In the fall of 1987, a small group of Vietnam War veterans met to discuss their personal concerns about the POW/MIAs from that Southeast Asian conflict. Having honorably served their country and having taken an oath to “support and defend the Constitution of the United States against all enemies…” and to “bare true faith and allegiance to same,” these vets were deeply troubled by the lack of attention given to those who did not make it out with their lives or their freedom.
These veterans discussed what they termed 10,000 reported sightings of live Americans existing in dismal captivity. The government and mainstream press has generally ignored intelligence reports of these sightings.
So a quarter of a century ago, the founders of Rolling Thunder prepared plans for a gathering in Washington, D.C., during the 1988 Memorial Day weekend. They reached out to their families, fellow veterans and veteran advocate groups to form a march and demonstration at the nation’s Capitol. Their arrival would be announced by the roar of their motorcycles — a sound not unlike the 1965 bombing campaign against North Vietnam dubbed Operation Rolling Thunder.
In fact, the group named itself Rolling Thunder — a title that was trademarked in 1990 and has endured since that first march. Word spread quickly back then, and by Memorial Day weekend in 1988, more than 2,500 motorcycle riders converged on Washington, D.C., from all parts of the country.
What they demanded from our leaders was a full accounting of all POW/MIAs. As the founders of Rolling Thunder made their stand that day in front of the Capitol, they reflected thankfully for the people who came in support of the POW/ MIAs and for the unity that was felt through the crowd. This event marked Rolling Thunder’s first demonstration, and until all POW/MIAs are accounted for, the annual run to the wall will continue.
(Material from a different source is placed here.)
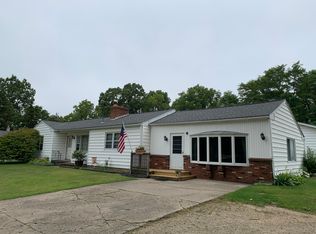 27206 Wait Rd, Sturgis, MI 49091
In recent years, the annual “Ride for Freedom” to the Vietnam Veteran’s Memorial Wall has drawn an estimated 900,000 participants — quite an expansion from the 2,500 that showed up on that inaugural Memorial Day ride.
And it’s happening again this year this Sunday in Washington, D.C., assembling in the north Pentagon parking lot. Folks are coming in from all across this land — some departing weeks ago. And they all carry the same message: “We will never forget.”
As you spend your holiday this year, remember those who are not accounted for. And I offer my own personal thanks to Rolling Thunder for showing me that those lost are not forgotten.